• RAW DATA:
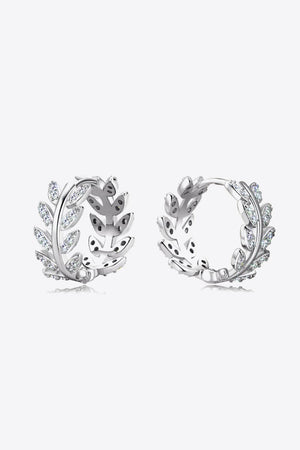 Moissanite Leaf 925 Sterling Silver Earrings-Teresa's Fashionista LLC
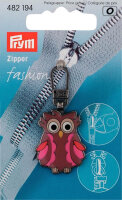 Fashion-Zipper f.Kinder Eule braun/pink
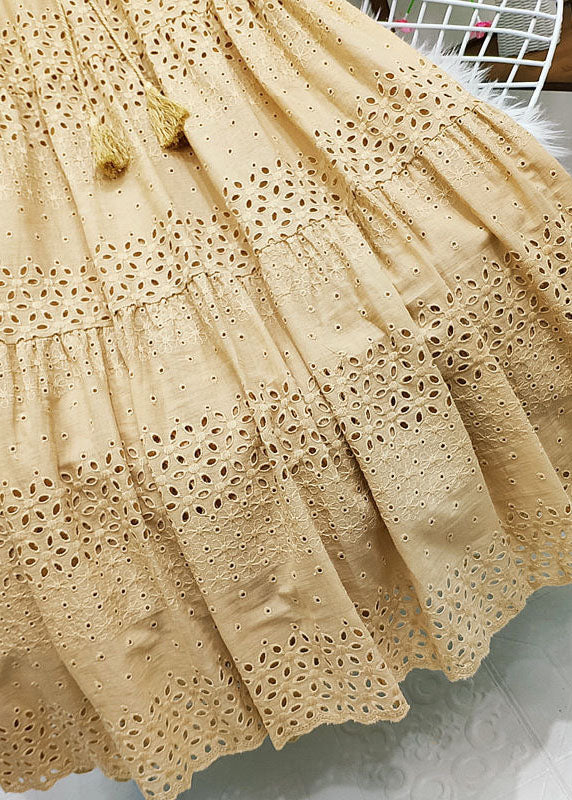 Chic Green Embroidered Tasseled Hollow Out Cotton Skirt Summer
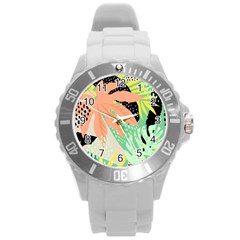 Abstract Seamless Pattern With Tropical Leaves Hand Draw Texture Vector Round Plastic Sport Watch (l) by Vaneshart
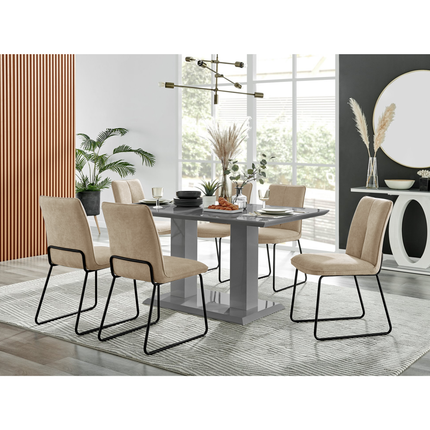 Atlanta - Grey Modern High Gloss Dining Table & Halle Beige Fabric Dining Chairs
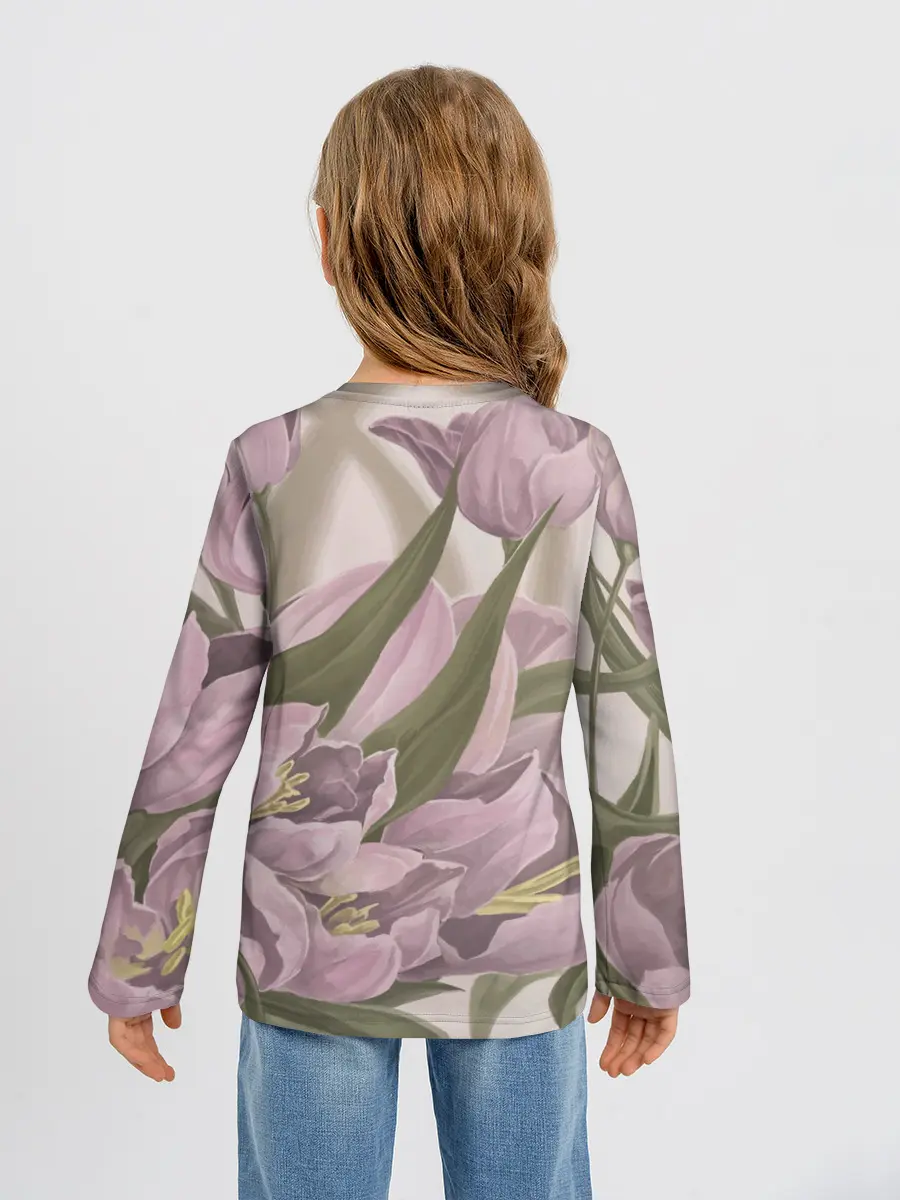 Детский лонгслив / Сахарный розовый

• EXERCISE BRIEF:
What is the exact wording of the lines from the one bearing "Fashion-Zipper f.Kinder Eule braun/pink" through the final line of the records above? Write it out without the pictures.

• ANSWER TO THE PROBLEM:
 Fashion-Zipper f.Kinder Eule braun/pink
 Chic Green Embroidered Tasseled Hollow Out Cotton Skirt Summer
 Abstract Seamless Pattern With Tropical Leaves Hand Draw Texture Vector Round Plastic Sport Watch (l) by Vaneshart
 Atlanta - Grey Modern High Gloss Dining Table & Halle Beige Fabric Dining Chairs
 Детский лонгслив / Сахарный розовый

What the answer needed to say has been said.